Drivers on Pratt Street never had to make way for ducklings yesterday.
Scrambling to prevent a mama mallard from walking 11 newly hatched offspring across the busy downtown thoroughfare from their nest in a sidewalk planter, animal rescuers whisked the babies off to a Baltimore County wildlife shelter - leaving their frantic mother to fly off alone.
"She's probably going to re-clutch again, someplace else, I hope," said Gerda Deterer, president of Wildlife Rescue, Inc., near Hampstead, where the ducklings were taken.
The tawny hen's city residence outside the Capital Grille must have seemed safe enough when she established the nest.

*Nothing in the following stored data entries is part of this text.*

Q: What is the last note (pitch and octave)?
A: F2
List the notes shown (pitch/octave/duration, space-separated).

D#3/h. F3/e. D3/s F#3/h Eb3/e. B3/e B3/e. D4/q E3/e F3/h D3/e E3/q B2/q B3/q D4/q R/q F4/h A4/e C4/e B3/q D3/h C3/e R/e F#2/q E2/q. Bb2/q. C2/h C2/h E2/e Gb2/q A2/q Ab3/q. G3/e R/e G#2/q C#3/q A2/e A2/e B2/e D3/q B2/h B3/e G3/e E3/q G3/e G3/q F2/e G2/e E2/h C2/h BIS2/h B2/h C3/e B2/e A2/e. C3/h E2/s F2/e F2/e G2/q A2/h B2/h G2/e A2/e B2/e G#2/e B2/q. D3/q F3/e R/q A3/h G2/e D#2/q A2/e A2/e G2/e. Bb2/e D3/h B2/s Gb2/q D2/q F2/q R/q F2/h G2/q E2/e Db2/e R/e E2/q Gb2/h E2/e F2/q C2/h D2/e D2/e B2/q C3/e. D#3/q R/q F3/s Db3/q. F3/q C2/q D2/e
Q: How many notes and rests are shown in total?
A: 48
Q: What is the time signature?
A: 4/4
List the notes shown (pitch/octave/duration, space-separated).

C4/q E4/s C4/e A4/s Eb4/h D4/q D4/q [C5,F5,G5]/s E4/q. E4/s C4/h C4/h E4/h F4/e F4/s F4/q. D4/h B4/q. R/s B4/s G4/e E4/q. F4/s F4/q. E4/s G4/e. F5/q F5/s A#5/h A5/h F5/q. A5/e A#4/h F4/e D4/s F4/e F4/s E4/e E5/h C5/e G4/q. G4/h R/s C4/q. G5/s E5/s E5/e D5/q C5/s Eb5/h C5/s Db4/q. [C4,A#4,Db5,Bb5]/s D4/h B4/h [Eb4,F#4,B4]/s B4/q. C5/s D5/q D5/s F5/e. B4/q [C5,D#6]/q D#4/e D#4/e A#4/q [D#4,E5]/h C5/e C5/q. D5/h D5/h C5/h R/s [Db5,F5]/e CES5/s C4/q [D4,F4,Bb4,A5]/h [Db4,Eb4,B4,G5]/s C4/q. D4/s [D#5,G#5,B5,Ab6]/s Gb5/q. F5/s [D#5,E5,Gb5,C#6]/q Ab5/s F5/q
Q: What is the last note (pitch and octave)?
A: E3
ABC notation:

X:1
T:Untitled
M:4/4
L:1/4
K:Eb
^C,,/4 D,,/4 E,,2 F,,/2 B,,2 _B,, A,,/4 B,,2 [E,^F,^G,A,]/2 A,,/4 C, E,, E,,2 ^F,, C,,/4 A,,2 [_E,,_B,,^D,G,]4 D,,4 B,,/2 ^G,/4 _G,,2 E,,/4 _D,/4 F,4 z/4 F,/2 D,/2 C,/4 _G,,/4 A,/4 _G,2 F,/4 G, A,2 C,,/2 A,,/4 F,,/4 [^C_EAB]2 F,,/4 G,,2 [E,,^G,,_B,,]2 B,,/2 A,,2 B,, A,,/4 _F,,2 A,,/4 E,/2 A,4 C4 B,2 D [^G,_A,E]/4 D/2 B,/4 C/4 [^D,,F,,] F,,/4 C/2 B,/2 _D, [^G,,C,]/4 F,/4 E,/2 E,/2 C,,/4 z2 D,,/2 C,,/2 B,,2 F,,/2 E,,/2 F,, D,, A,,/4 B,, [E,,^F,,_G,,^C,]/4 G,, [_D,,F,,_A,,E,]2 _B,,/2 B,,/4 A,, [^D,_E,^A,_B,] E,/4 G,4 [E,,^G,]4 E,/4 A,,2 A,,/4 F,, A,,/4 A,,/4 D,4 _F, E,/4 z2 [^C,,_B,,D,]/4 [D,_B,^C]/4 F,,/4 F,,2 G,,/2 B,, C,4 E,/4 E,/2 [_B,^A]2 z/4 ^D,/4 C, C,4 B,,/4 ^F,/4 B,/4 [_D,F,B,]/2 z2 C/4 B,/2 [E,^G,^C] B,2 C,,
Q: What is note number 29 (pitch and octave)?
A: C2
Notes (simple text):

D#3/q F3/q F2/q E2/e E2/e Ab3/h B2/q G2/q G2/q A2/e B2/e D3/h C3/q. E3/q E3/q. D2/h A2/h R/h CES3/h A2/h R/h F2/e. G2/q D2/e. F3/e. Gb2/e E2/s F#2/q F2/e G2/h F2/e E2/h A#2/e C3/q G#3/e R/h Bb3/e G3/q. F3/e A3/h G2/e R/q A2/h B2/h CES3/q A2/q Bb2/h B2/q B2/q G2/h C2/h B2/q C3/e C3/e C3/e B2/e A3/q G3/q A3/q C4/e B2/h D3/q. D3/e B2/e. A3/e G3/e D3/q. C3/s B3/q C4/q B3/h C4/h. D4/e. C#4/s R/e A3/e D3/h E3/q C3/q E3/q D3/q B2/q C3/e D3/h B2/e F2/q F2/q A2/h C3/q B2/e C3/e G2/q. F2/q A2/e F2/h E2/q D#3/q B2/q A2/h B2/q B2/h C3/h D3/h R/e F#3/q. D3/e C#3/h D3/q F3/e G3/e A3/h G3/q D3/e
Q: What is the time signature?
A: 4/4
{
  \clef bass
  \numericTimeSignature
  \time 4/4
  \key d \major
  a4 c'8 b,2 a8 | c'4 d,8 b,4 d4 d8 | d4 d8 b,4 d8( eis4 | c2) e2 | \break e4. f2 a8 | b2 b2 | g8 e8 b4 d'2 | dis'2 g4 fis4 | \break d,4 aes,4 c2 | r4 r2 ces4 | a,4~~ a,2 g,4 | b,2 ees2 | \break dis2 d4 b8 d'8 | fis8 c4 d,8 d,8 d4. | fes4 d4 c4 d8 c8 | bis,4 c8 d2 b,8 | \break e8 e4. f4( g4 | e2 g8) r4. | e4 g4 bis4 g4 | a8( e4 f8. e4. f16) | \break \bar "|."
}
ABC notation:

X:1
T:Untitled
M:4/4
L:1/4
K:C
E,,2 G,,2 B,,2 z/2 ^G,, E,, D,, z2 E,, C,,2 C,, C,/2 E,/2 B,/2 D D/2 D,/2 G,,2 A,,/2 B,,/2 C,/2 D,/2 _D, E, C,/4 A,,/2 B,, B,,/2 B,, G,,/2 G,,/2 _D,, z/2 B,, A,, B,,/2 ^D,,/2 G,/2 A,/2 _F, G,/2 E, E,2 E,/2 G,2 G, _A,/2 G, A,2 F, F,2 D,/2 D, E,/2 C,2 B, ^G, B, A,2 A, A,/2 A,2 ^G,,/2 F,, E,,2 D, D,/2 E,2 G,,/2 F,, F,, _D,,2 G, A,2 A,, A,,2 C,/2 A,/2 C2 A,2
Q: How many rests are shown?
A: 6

The dirt in the concrete planter was soft, and the nest was shaded by the boughs of a young cedar.
Hundreds, maybe thousands of humans hustled past her every day on their way to and from work, or to lunch, but few seemed to notice her during the month she spent incubating her eggs.
She didn't even seem to mind the traffic on Pratt Street, roaring by just a few feet away.
Best of all, her eggs had done nicely. Only one stubborn sibling remained shell-bound yesterday amid the crowd of peeping ducklings that popped up beneath her wings.
But there was reason to worry. Within hours, Mama Duck was likely to try to march her new brood off for their first meal -- probably in the harbor slip beside the Power Plant. So near, yet so far.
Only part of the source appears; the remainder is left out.